* [Material provided]
* * * * * * * * *

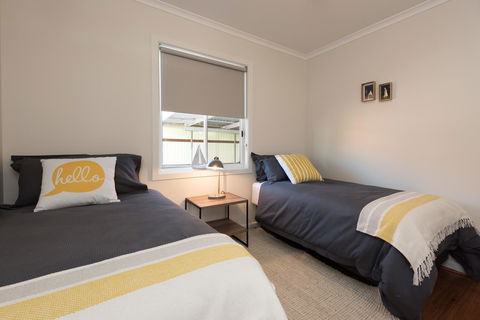 Penguin Beach House - Accommodation QLD 4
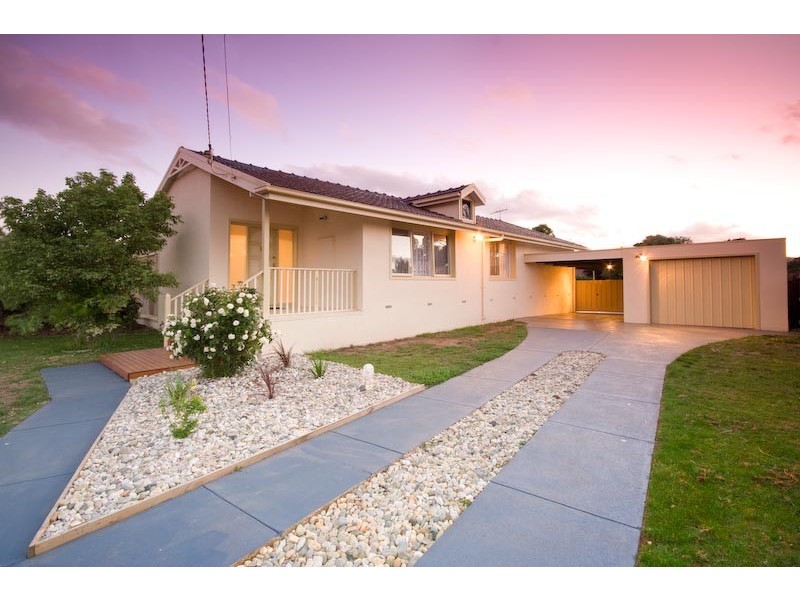 5 CARROLL COURT, Gisborne VIC 3437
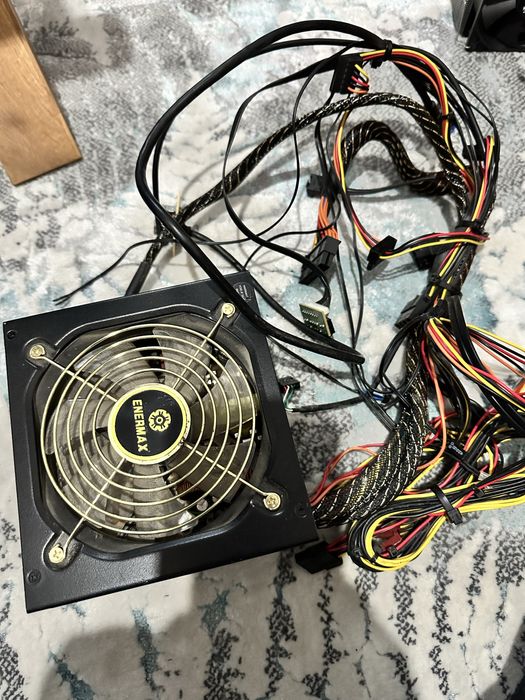 Sursa pc desktop Enermax 450W ENP450AGT, 4 x Molex, 5 x SATA, PCI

* * * * * * * * *

* [Exercise prompt] Please reproduce nothing but the lines from the one containing "5 CARROLL COURT, Gisborne VIC 3437" through the closing line of the listing, retyped word for word, pictures excluded.

* [Problem solution]
 5 CARROLL COURT, Gisborne VIC 3437
 Sursa pc desktop Enermax 450W ENP450AGT, 4 x Molex, 5 x SATA, PCI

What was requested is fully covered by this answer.